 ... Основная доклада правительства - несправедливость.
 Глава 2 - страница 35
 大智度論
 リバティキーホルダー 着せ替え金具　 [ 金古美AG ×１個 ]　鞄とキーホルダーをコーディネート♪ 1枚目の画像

....

__What to work on__
Only the lines from the one with "Глава 2 - страница 35" through the final line above belong in the answer, each reproduced word for word.

__Answer for the task__
 Глава 2 - страница 35
 大智度論
 リバティキーホルダー 着せ替え金具　 [ 金古美AG ×１個 ]　鞄とキーホルダーをコーディネート♪ 1枚目の画像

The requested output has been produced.